NoA: 1987 two Mexican brothers are standing outside of NK (department store in Sweden). They’re called The Chevez Brothers. They’re crafting their own jewelry and selling to customers. My dad starts talking with them and learns that they are paying a ridiculous rent to NK so he offers them to stand outside the Broadway store and do the same thing but without any rent. Which they did for about 4 months. As a thank you they let dad design a few pieces of which one is the turquoise hanger that I wear very often. It lies very close to my heart.
Back to Nathaniel
HB: You started your own brand, Casatlantic, last summer. What made you do it?
NA: As I’ve grown and matured I’ve had an increasing desire to learn more about my roots. I’ve always been very close to my grandfather and been inspired by the fact that no matter if he’s “old” he has been sporting a pair of converse with camo trousers and an oversized shirt.
As my curiosity to learn more about our origins grew he showed more and more pictures of how he and his friends dressed when they were young. Military clothing with alterations made by local tailors if you will. Perfectly fitted trousers with an army shirt.
I was deeply moved and inspired by that style and wanted to bring that into life as it was hard finding something similar on the market. And from there I built the foundation to Casatlantic.
HB: You’re incredibly creative and I know you always get new inspiration from all angles of life, but is there a core and red thread that you keep coming back to when developing your brand?
NA: So true. I take influences and inspiration from everything. But one thing I always come back to is my grandfather. He, his style and his origin are a very good filter.
HB: I have the fortune of following and testing your trousers on a continuous basis and what struck me is how much you know about pattern design, fabrics and overall expertise in clothing. How did you learn all this?
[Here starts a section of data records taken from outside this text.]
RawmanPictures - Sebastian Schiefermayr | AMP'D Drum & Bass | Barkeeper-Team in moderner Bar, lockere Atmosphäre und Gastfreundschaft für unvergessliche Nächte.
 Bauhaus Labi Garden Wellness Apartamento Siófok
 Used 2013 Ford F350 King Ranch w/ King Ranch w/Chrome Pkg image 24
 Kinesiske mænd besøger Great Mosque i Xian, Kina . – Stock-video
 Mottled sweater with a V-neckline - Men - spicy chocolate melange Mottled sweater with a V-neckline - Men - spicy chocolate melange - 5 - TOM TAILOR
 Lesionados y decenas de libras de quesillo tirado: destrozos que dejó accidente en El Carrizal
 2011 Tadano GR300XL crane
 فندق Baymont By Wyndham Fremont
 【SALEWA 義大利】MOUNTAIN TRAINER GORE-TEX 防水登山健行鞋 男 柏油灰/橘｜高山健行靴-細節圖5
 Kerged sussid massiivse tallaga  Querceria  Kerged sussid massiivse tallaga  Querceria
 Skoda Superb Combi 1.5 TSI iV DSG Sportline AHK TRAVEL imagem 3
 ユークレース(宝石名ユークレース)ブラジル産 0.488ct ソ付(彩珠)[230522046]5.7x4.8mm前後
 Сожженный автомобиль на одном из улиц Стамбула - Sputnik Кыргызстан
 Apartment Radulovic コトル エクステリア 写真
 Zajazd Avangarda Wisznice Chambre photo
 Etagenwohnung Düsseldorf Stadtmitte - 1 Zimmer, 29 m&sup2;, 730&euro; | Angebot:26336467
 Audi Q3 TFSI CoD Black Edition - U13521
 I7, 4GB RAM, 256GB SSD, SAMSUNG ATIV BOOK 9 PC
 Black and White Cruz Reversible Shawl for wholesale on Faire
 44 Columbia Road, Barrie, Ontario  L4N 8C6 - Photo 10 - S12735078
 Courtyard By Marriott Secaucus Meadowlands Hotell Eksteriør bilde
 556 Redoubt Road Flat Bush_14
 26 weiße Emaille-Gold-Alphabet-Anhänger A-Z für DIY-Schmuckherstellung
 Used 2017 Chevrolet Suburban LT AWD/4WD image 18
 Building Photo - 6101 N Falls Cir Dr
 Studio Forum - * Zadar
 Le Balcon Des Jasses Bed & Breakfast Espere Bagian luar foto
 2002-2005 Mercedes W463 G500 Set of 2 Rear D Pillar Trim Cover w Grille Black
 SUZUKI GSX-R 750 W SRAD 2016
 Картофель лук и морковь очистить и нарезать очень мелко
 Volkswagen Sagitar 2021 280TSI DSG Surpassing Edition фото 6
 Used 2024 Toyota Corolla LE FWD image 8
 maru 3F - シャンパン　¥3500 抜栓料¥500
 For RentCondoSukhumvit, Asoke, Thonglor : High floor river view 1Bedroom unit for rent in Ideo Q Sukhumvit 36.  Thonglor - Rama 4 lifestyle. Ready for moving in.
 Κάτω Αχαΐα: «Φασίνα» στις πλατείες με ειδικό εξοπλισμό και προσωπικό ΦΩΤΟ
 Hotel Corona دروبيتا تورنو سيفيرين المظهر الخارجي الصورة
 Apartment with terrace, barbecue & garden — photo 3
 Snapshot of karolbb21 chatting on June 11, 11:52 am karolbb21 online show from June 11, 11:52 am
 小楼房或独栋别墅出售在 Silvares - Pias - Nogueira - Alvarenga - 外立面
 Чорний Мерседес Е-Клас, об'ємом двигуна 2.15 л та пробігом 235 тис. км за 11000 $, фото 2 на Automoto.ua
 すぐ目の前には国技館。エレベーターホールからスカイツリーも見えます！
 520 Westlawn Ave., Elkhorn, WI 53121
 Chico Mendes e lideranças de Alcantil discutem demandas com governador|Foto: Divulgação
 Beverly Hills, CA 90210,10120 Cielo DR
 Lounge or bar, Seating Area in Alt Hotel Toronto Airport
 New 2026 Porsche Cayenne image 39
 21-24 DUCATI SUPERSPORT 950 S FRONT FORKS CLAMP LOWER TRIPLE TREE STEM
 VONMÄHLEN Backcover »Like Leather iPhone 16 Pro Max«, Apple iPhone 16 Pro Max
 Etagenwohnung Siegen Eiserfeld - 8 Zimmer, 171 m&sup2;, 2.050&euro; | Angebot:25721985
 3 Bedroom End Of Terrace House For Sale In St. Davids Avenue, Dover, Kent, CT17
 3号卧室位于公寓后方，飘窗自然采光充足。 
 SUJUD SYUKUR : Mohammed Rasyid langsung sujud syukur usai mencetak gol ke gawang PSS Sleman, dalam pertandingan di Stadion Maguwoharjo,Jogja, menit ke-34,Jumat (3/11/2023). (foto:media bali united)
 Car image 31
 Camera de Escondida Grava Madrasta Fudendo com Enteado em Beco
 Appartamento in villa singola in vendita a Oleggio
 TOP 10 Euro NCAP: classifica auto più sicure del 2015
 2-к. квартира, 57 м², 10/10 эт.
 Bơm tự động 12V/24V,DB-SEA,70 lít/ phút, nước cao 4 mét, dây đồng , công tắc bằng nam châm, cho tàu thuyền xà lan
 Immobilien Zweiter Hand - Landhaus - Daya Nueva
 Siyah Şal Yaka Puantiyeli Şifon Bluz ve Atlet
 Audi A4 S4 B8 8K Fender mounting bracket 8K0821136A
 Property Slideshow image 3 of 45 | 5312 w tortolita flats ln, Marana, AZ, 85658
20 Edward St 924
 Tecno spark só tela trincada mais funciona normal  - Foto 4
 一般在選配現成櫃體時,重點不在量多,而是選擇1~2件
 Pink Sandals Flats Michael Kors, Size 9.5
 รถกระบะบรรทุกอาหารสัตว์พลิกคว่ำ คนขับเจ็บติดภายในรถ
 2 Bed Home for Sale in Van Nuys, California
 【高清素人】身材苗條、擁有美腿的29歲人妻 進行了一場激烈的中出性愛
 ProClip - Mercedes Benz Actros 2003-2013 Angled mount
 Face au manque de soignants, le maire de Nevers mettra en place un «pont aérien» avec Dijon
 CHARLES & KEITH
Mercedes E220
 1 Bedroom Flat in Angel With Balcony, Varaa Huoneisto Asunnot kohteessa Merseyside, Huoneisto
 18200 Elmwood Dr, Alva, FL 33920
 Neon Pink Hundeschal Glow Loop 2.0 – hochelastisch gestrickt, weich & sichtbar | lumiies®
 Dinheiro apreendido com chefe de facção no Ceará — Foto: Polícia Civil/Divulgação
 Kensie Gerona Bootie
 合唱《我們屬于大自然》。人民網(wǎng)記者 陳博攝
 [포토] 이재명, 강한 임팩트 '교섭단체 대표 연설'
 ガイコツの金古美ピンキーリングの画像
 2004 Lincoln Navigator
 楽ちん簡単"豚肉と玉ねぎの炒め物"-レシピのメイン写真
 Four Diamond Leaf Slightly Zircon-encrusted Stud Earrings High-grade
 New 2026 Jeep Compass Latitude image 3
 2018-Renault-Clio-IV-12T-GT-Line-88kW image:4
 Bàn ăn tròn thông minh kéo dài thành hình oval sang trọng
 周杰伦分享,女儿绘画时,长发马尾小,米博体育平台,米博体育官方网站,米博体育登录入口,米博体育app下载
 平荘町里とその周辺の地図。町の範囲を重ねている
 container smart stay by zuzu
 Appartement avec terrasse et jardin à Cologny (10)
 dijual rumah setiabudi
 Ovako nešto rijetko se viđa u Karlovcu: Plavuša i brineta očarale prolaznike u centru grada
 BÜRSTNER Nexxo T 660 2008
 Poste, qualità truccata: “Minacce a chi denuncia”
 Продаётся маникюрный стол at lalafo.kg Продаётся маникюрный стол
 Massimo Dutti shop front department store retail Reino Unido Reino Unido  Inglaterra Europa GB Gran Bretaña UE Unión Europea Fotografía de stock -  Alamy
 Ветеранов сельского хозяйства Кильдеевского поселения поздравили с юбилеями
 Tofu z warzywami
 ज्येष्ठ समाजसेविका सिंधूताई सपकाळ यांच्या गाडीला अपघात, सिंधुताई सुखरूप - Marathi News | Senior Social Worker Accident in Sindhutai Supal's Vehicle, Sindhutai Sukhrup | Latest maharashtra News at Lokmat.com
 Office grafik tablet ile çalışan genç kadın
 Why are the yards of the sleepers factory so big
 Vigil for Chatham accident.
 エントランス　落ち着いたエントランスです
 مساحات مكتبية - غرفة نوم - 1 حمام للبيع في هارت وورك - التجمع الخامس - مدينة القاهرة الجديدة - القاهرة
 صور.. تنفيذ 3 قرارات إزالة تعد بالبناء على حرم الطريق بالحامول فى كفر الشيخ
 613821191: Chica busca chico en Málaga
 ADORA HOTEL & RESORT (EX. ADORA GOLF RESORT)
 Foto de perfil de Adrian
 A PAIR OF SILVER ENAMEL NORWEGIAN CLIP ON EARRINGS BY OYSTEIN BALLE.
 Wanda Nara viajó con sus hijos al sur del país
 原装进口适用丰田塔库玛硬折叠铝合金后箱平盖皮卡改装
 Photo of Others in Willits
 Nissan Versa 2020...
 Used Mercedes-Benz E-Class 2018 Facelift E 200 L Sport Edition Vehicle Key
NA: Nah not so much to be honest. I had a vision of how I wanted my pieces to look and then I showed the artisans in Casablanca exactly how I wanted it to be. Then I built from there and teamed up with a pattern designer who is a true master.
HB: You are 28 years old now. How would you describe Nathaniel in the following years of your life. What phase where you in and what did you mostly focus on?
NA: Interesting question.
HB: You’re definitely in the phase of execution.
NA: Let’s see. Let’s see.
After a long conversation I reflect on the energy Nathaniel always brings to the conversations. He’s pure curiosity. Pure passion. Pure excitement. And for that it’s no wonders why he seldomly drinks coffee. Life and it’s hidden gems is what brings this man his energy.